Удивительно другое: и предприниматели, и руководители, и служащие нередко сводят свои цели к выживанию, как и пенсионеры; видимо, они вкладывают в это понятие разные смыслы. И еще: предельными амбициями отличаются вовсе не предприниматели, как можно было бы ожидать (только 3 % из них хотели бы «жить лучше западных семей»), а руководители (почти каждый десятый).

По тому, как люди оценивают свой социальный статус и материальное положение, можно выделить достаточно резко обособленные три группы: высшую (8 %), среднюю (60 %) и низшую (32 %). Средний статус наиболее динамичен (наибольшие ожидания перемен, в основном к лучшему) и все последние годы остается доминирующим. Только не следует забывать: речь идет о субъективной оценке движения статусов, масштабах и устойчивости ориентации на «средний уровень». Это никоим образом не «средний класс» или «средний слой», это просто определенный тип самой массовой ориентации, сводящейся к стремлению быть «как все» или «не хуже других».

Стремление повысить свой общественный или потребительский статус обычно предполагает не просто отталкивание от «середины», но равнение на некоторый повышенный образец (интересов, благосостояния и т. д.). Носители такого образца – либо отечественная элита, либо – особенно когда происходит модернизация – влиятельная западная «середина».

Наша элита не способна задать образцы, которые были бы востребованы обществом, прежде всего потому, что она (по крайней мере ее массовая часть – «социальная элита») действует в том же «заколдованном круге», что и общество в целом. А элита «высокая» (оторвавшаяся от среднего уровня по претензиям, возможностям и доступу к благам) уже по одному этому положению вызывает скорее массовое раздражение, чем желание следовать ее образу жизни. А когда такое раздражение еще и подпитывается, и прямо организуется властью, оно довольно легко переходит в агрессию против «новых русских», «олигархов», «расхитителей народного достояния». Агрессивный популизм всегда служил надежной опорой и питательной средой для авторитарных режимов. Развитие ситуации на российской политической сцене в последнее время это еще раз подтверждает.
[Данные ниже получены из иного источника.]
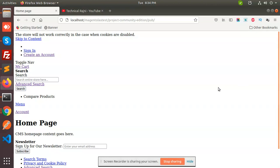Hello friends, in this video we are going to learn how to install Magento 2.4.3.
Богатым завидует большинство (и само признает это в опросах). Казалось бы, это нормально. Но какая именно зависть? Ближе всего к богатству как предмету зависти по частоте упоминаний оказывается удача, а дальше – высокий статус. Можно полагать, что перед нами скорее «зрительская», чем деятельная («белая») зависть. И почему-то очень редко завидуют умным, сильным или свободным, независимым – должно быть, тоже потому, что это деятельные ценности. А «зрительская» зависть легко превращается в агрессивную, «черную».

Достаточно чуть изменить формулировку вопроса (например, добавить нечто, заведомо не вызывающее симпатии: «недавно разбогатевшие» и «во главе банков, фирм»…), и зависть попадает в ряд с резко негативными оценками: каждый второй скажет, что эти люди вызывают раздражение, гнев, возмущение.